Beim Anschlag auf eine Hochzeitsfeier im Südosten der Türkei sind nach jüngsten Angaben der Behörden mindestens 50 Menschen getötet worden. 69 weitere Gäste seien bei dem Bombenattentat am Samstagabend in der Provinzhauptstadt Gaziantep verletzt worden.
Nach Angaben von Staatspräsident Recep Tayyip Erdogan wurde der Anschlag von einem Kind zwischen 12 und 14 Jahren verübt. Es habe sich um ein Selbstmordattentat gehandelt, zeigte sich Erdogan nach Angaben der Nachrichtenagentur Anadolu sicher.
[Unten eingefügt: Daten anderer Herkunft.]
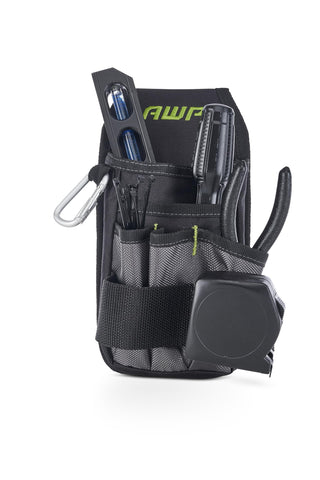 AWP Premium Tool Pouch open pockets reveals organized storage for screwdrivers and tapes.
«Täter versuchen zu provozieren»
Ein Abgeordneter der Regierungspartei AKP, Samil Tayyar äusserte gegenüber der Nachrichtenagentur Dogan die Vermutung, dass hinter dem Anschlag die Terrormiliz Islamischer Staat (IS) steht, die jenseits der nahen Grenze in Syrien weite Gebiete beherrscht.
Anadolu verbreitete eine Stellungnahme Erdogans, wonach die Täter das türkische Volk zu «provozieren versuchen», indem sie «ethnische und religiöse Empfindlichkeiten» für ihre Zwecke nutzten. Er mache dabei keinen Unterschied zwischen der kurdischen Untergrundorganisation PKK, der Bewegung des Islam-Predigers Fetullah Gülen und dem IS.
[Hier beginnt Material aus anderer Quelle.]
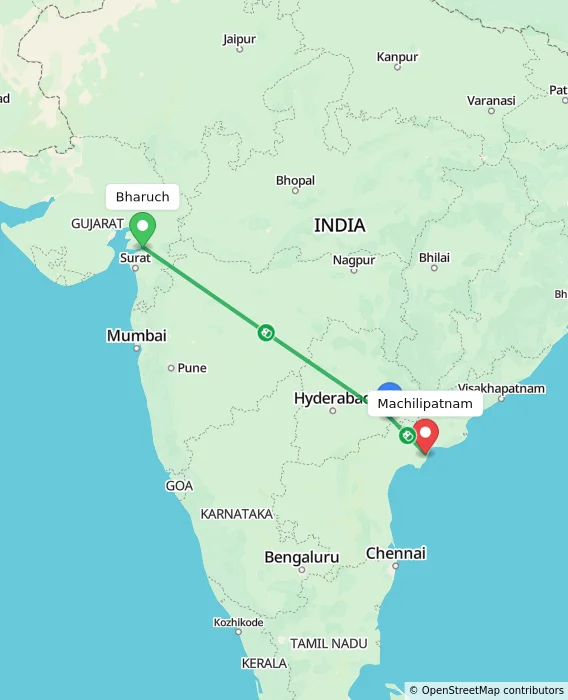 Route map showing distance and travel time from Bharuch, India to Machilipatnam, India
«Ein offizielles Bekenntnis des IS wäre eine offene Kriegserklärung»
SRF-Korrespondentin Ruth Bossart erachtet es als sehr plausibel, dass die Terror-Organisation Islamischer Staat hinter dem Anschlag steckt. Es sei eher undenkbar, dass die kurdische Arbeiterpartei PKK eine kurdische Hochzeitsgesellschaft angreife.
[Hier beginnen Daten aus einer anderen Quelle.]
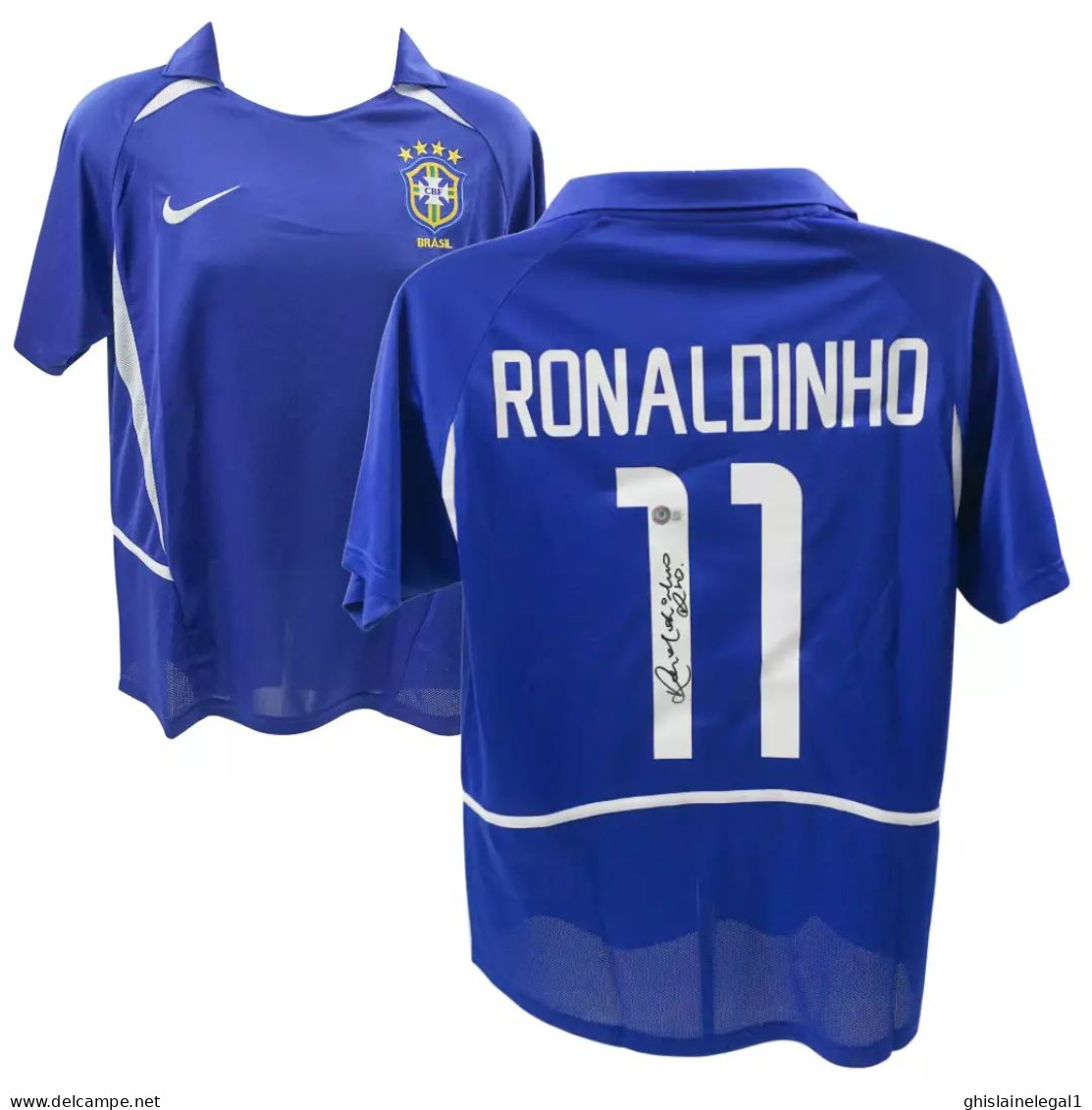Maillot Extérieur Du Brésil 2002 Porté Et Signé Par Ronaldo De Assis Moreira (Ronaldinho) - Autographes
Im grenznahen Gazientep würden zudem viele Flüchtlinge leben, darunter auch IS-Anhänger. «Ein Merkmal von IS-Anschlägen ist aber auch, dass sie von Selbstmordattentätern ausgeführt werden und dass möglichst viele Zivilisten getroffen werden sollen, so wie an dieser Hochzeit. Dass ausgerechnet eine kurdische Hochzeit attackiert worden ist, kann auch als Warnung an die Kurden verstanden werden, denn sie gelten als die effektivsten Kämpfer gegen den IS – auch im Norden von Syrien», erklärt Bossart.
Dass sich der IS bisher nie zu Anschlägen in der Türkei bekannt hat, könne daran liegen, dass der IS eine offene Konfrontation mit der türkischen Regierung vermeiden wolle. Das Land spiele eine zu wichtige Rolle in der Logistik der Terro-Miliz, sagt Bossart. «Ein offizielles Bekenntnis wäre eine offene Kriegserklärung an die Türkei.»
Chaotische Szenen
Am Anschlagsort herrschten in der Nacht chaotische Zustände. Zahlreiche Krankenwagen rasten in das betroffene Stadtvierte. In sozialen Medien sind Videos zu sehen, wie Menschen mit der Taschenlampenfunktion ihres Smartphones nach verletzten Freunden und Angehörigen suchen.
Die Hochzeitsfeier fand nach Medienberichten unter freiem Himmel nahe der Grenze zum Bürgerkriegsland Syrien statt. In diesem Teil Gazianteps wohnen hauptsächlich Kurden. Im Südosten der Türkei operiert die verbotene kurdische Arbeiterpartei PKK. Auch die Terrormiliz IS hat in der Region schon mehrfach Anschläge verübt.
Kurdisches Familienfest
Die kurdische Partei HDP teilte nach dem Anschlag mit, unter den Todesopfern seien mehrere Kinder. «Wir verurteilen und verdammen diejenigen, die diese Attacke verübt haben, und die Kräfte und Ideologien hinter ihrem Handeln», erklärte die drittgrösste Partei im türkischen Parlament in einer Stellungnahme.